No logs to process: No Snowplow enriched stream logs to process since last run

We are running Snowplow R116 Madara Rider and we are happy with snowplow. We rarely face issues until today :slight_smile:

Issue
We followed the recovery steps for enrich mode, starting from 1.
However when looking at the steps logs in fargate, we are not able to figure out why can’t we recover it.

Hence no EMR is trigerred.

We have both enriched/good/ and shredded/good empty.

What could we do better in order to resolve the problem?
Thank you!

@Sebastian_Villarroel, it is not clear to me how Fargete is related to EmrEtlRunner job.

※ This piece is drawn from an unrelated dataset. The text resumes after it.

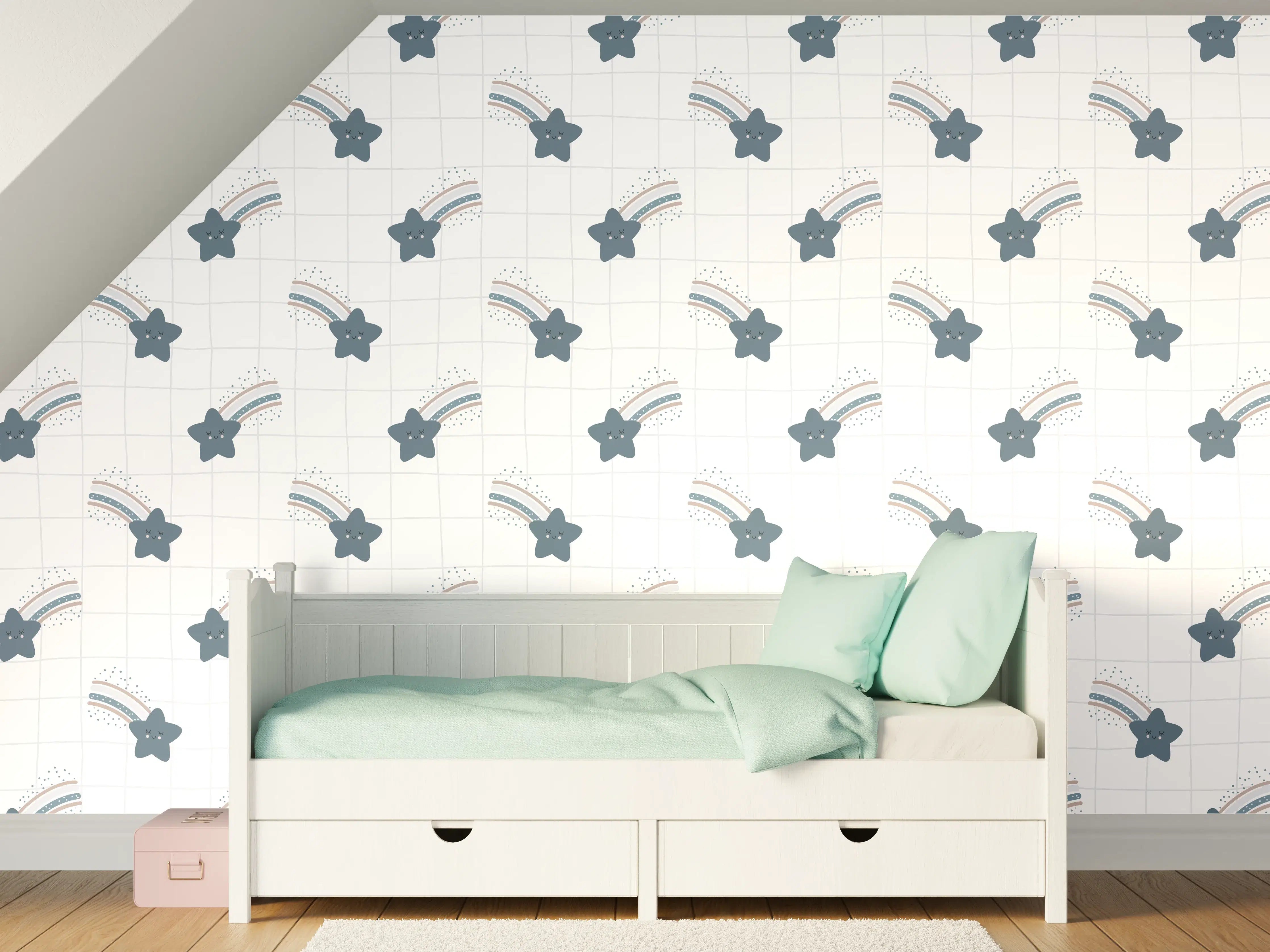 Kinderzimmer Wandgestaltung - Weiße Wand mit blauen Sternenmotiv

Before following the recovery steps for the batch job you need to investigate the failure reason. The EmrEtlRunner has its own logs that should clarify what step the failure took place at. Based on the failure and the current batch pipeline status you would pick the appropriate recovery step. You would run the recovery from step 1 if the EER job failed at staging step and no files have been moved to the enriched:good bucket (all the output buckets are empty).

Thus, the questions are

  1. At what step the EER failed initially?
  2. What logs EER produced?
  3. What is the status of the buckets involved in the batch job?

The logs you show in the screenshot indicate that there are no enriched stream data. It sounds that you might be approaching this issue from the wrong side. Do you mean to say that EER job is not running because there are no data in enriched:stream bucket? In that case, you need to look for the reason upstream - your real-time pipeline, not batch.

1 Like

Hello! Thanks for the hint. Actually we figure out that the container which writes data from the kinesis stream to s3 stopped writing data.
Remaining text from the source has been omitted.